• **Entries supplied**:
···
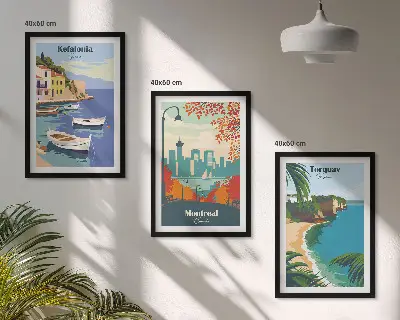 Three-piece wall art set featuring cityscapes from Greece, Canada, and Australia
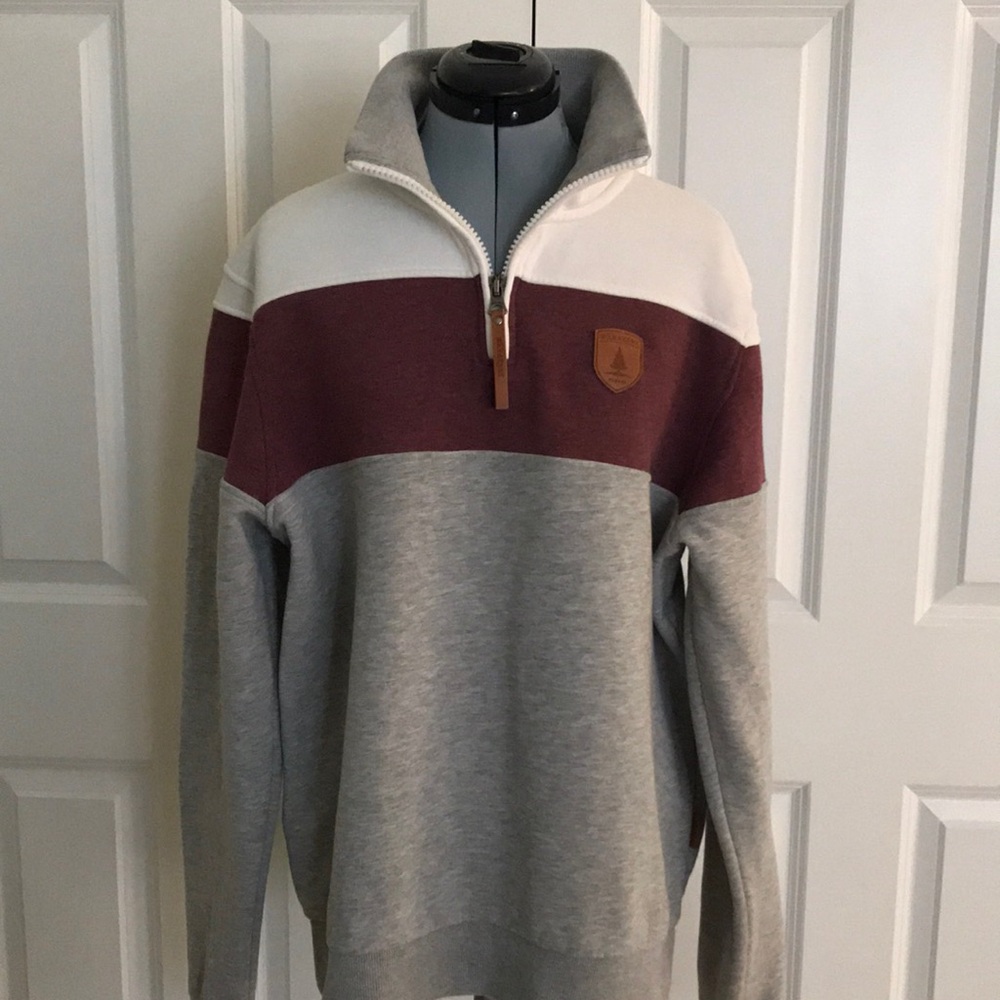 Wanakome Canada 1/4 Quarter Zip Gray Burgundy Ivory Cream Sweater L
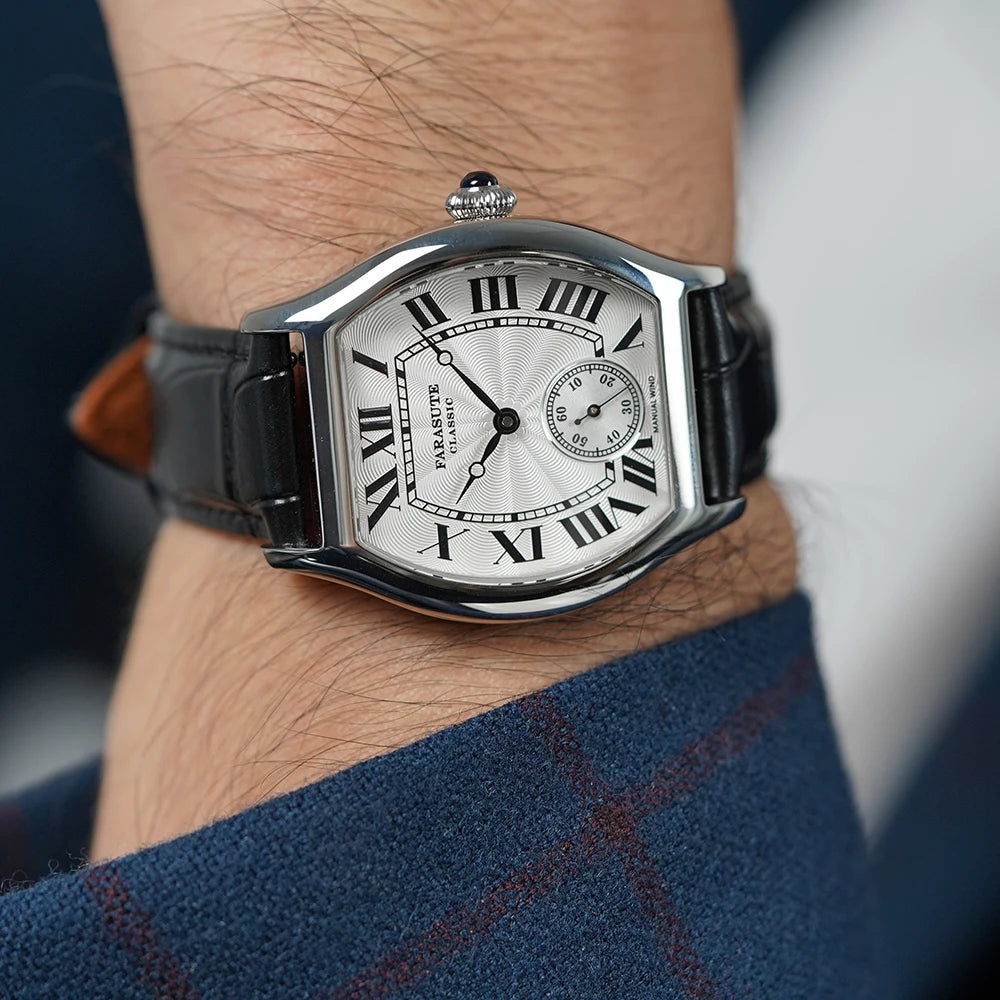 FARASUTE 36mm Hangzhou Retro Watch – Customised Manual Movement, Sapphire, 5 Bar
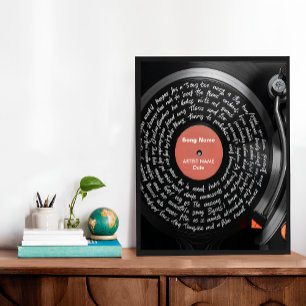 Custom Vinyl Lyrics Print, Personalised Music Poster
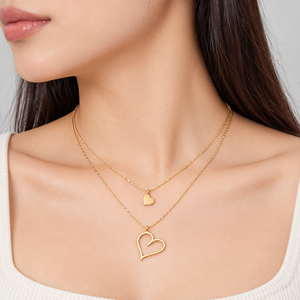 Layered Heart Necklace Stainless Steel 14K <b>Gold</b> Vacuum Plated Double Chain Pendant Jewelry - Product Image 5
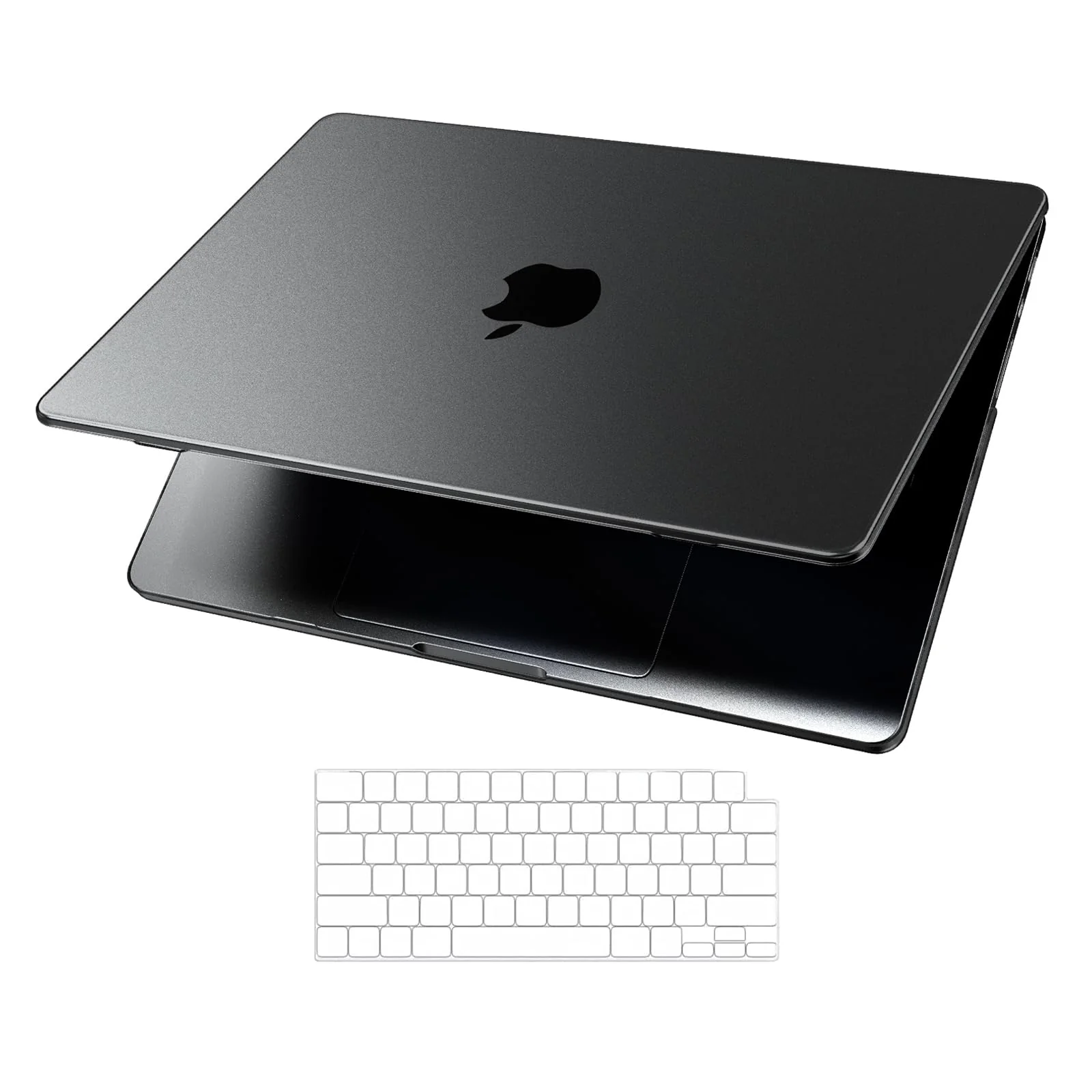 EooCoo [Ultra Thin Armor] Case Compatible with MacBook Pro 14 inch 2024-2021 M3 M2 M1 A2918 A2992 A2779 A2442, [100% Match Space Black] [Anti-Fingerprint] Hard Shell&Keyboard Skin, Space Black Clear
···
• **The problem**: A faithful copy of all the lines above is needed, with the pictures omitted.

• **Result for this exercise**:
 Three-piece wall art set featuring cityscapes from Greece, Canada, and Australia
 Wanakome Canada 1/4 Quarter Zip Gray Burgundy Ivory Cream Sweater L
 FARASUTE 36mm Hangzhou Retro Watch – Customised Manual Movement, Sapphire, 5 Bar
 Custom Vinyl Lyrics Print, Personalised Music Poster
 Layered Heart Necklace Stainless Steel 14K <b>Gold</b> Vacuum Plated Double Chain Pendant Jewelry - Product Image 5
 EooCoo [Ultra Thin Armor] Case Compatible with MacBook Pro 14 inch 2024-2021 M3 M2 M1 A2918 A2992 A2779 A2442, [100% Match Space Black] [Anti-Fingerprint] Hard Shell&Keyboard Skin, Space Black Clear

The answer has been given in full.